Siempre impecablemente vestido, aunque fuera un domingo de vacaciones a las 9 de la mañana, el excéntrico y engreído maestro ni siquiera se movió cuando el jefe del taller pasó a su lado para atender la llamada. Cuando colgó, puso su mano en el hombro de Lloyd Wright y le dijo: «Edgar Kaufmann acaba de llamar y dice que pasará a ver los planos de su casa en unas tres horas».
La vivienda a la que se refería se transformaría en poco tiempo en la más importante obra arquitectónica encargada por un privado en todos los Estados Unidos, pero Lloyd Wright no tenía nada, ni un solo borrador.

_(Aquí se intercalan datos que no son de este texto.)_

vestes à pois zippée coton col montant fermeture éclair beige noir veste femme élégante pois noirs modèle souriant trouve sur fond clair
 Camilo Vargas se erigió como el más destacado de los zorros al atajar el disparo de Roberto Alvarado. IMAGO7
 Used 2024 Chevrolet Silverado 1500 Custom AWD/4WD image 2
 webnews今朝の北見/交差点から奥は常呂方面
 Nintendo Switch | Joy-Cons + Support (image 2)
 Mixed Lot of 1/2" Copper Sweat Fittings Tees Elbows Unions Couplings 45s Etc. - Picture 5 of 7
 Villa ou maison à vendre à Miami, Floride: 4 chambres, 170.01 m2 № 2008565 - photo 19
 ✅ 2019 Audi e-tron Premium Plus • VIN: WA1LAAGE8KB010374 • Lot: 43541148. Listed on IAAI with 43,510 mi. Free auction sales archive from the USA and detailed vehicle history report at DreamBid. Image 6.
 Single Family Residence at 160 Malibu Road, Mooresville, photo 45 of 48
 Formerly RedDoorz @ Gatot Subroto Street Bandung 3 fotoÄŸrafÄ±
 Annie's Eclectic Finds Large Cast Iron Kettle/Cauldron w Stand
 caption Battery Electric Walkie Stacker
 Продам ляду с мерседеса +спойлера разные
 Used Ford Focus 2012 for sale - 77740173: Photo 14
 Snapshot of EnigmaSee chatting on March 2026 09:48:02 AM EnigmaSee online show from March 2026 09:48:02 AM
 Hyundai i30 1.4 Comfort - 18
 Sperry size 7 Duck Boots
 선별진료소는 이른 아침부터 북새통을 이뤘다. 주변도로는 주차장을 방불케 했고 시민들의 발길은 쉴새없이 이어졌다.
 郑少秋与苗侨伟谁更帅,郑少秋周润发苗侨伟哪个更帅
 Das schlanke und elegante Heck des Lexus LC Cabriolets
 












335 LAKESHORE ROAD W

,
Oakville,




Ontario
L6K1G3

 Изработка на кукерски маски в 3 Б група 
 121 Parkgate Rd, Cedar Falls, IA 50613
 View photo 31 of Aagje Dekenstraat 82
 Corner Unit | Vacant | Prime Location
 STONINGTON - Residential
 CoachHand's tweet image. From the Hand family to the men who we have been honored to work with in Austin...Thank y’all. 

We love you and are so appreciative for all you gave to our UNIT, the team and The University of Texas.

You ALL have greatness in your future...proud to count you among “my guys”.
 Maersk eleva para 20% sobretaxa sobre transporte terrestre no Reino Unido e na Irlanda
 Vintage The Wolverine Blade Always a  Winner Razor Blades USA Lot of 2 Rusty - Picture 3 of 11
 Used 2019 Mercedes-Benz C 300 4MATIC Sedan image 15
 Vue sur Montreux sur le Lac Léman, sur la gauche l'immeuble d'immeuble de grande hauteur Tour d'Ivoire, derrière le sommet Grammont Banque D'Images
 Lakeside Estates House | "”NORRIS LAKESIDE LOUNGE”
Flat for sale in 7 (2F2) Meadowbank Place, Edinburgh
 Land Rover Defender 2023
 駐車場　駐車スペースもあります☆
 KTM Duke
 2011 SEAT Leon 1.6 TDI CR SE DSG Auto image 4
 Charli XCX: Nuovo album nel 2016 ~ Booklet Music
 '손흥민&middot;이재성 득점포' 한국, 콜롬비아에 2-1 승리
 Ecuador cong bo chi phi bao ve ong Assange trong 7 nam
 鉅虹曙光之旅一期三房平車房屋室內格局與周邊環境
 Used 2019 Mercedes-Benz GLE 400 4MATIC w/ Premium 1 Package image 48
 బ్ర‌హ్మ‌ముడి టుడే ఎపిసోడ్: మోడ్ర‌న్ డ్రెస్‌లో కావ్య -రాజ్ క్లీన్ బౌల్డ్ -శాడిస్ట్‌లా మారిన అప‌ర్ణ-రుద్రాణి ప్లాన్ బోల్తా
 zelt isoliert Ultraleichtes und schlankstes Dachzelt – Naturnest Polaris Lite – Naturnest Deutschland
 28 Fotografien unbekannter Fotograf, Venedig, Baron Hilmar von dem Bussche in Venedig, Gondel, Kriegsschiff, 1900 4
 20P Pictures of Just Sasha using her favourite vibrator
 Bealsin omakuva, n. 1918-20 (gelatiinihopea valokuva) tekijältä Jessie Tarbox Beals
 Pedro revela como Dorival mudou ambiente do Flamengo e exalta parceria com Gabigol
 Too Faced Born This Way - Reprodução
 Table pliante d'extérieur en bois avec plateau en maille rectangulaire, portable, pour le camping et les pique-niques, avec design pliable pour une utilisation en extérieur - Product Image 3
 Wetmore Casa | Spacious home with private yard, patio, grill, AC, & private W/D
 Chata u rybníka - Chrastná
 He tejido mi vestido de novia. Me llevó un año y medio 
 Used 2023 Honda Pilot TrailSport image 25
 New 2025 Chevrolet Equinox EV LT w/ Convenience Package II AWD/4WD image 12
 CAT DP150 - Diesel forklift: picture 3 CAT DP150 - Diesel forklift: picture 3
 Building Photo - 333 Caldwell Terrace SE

Edgar Kaufman era un empresario judío que Wright había conocido a través del hijo de éste, porque había sido uno de sus estudiantes en la casa taller que el creador del museo Guggenheim tenía en Taliesin, Wisconsin. Adinerado e intelectualmente inquieto, Kaufmann tenía un terreno boscoso por el que pasaba un río, ubicado en Bear Run, Pennsylvania.
Cuando el arquitecto visitó el sitio en 1935, le pidió a sus aprendices y ayudantes que hicieran un levantamiento preciso del lugar, marcando con exactitud la posición de árboles y rocas, porque había un punto intrincado pero interesante donde levantar la estructura. «Ah…» -exclamó uno-, «… y la casa tiene que estar cerca para que se pueda ver el río». «No muchacho, la casa va estar encima del agua», -le contestó el arquitecto-, quien no hizo nada respecto al proyecto durante los siguientes tres meses.
Te estábamos esperando
Lo que ocurrió mientras el cliente manejaba rumbo al taller, es una mezcla de relatos que coinciden en una muestra de ingenio y habilidad que fue cobrando forma en bocetos que Lloyd Wright iba soltando, y que alguno de sus asistentes tomaba para transformarlo en una proyección un poco más formal y presentable. Cuando Edgar Kaufmann llegó por fin, Wright ordenó que lo dejaran pasar y, siempre soberbio, le dio la bienvenida con un: “Edgar, te estábamos esperando”.
La concepción de «La casa de la cascada» o «Fallingwater», simboliza la armonía entre las personas y la naturaleza y tienes detalles fascinantes, como el piso del salón principal, hecho con la misma piedra presente en el entorno; o como el mobiliario, completamente concebido por Wright en cada detalle. Su forma, con tres plantas más un soporte voladizo sobre la cascada, y un atrevido diseño que combina hormigón, acero y vidrio, la transformaron en un concepto atemporal que destila modernidad incluso hoy, más de 80 años después de terminada en 1939.
Este hogar, planificado en plena depresión, le otorgó un nuevo impulso a su carrera, en el preciso momento en que sus críticos (a los que Lloyd Wright gustaba de molestar con sus fanfarronadas), comenzaban a tacharlo de anticuado. En paralelo, además, una generación más joven se fijaba en el modernismo europeo, con la Bauhaus, Le Corbusier y Mies van der Rohe acrecentando sus propias formas de ver el mundo, pero él, que siempre había preferido inspirarse en la arquitectura japonesa, lograba asestar un golpe al mentón de la moda, sorprendiendo con una construcción única en su especie.